| Directions |
An exact copy of all the data, minus the images, is required.

| Given data |
────

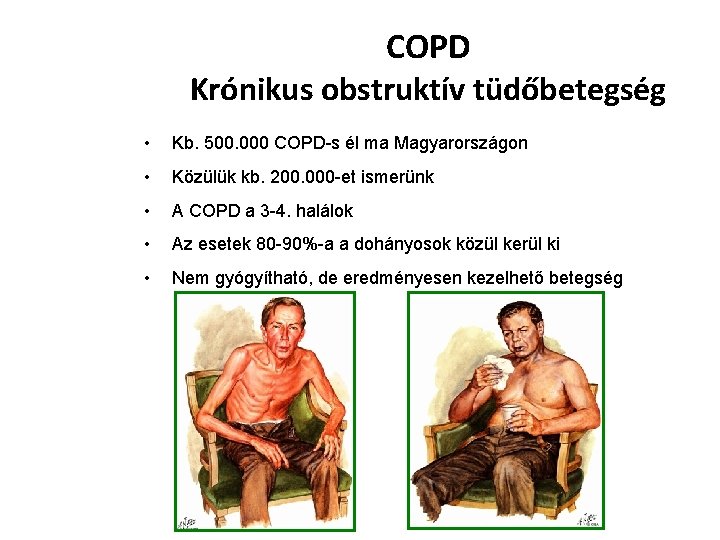 dohányzás és krónikus obstruktív tüdőbetegség)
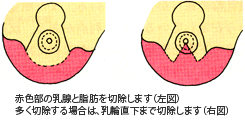 乳房縮小術・乳房固定術の手術方法
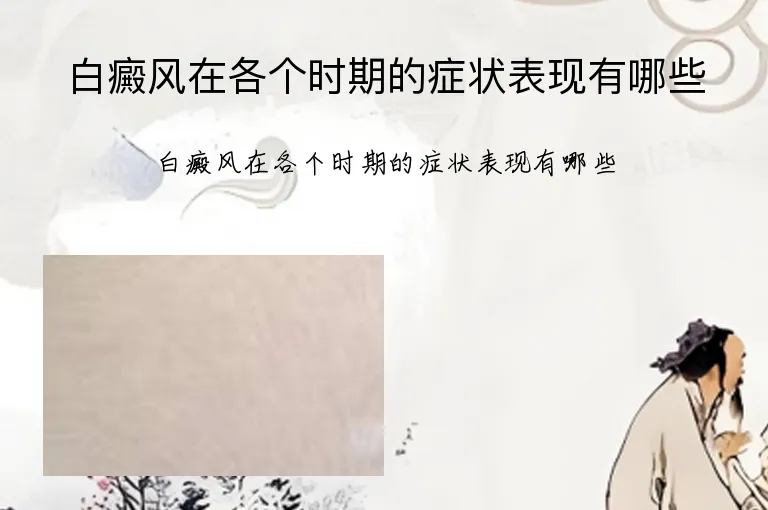 白癜风在各个时期的症状表现有哪些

────

| Result |
 dohányzás és krónikus obstruktív tüdőbetegség)
 乳房縮小術・乳房固定術の手術方法
 白癜风在各个时期的症状表现有哪些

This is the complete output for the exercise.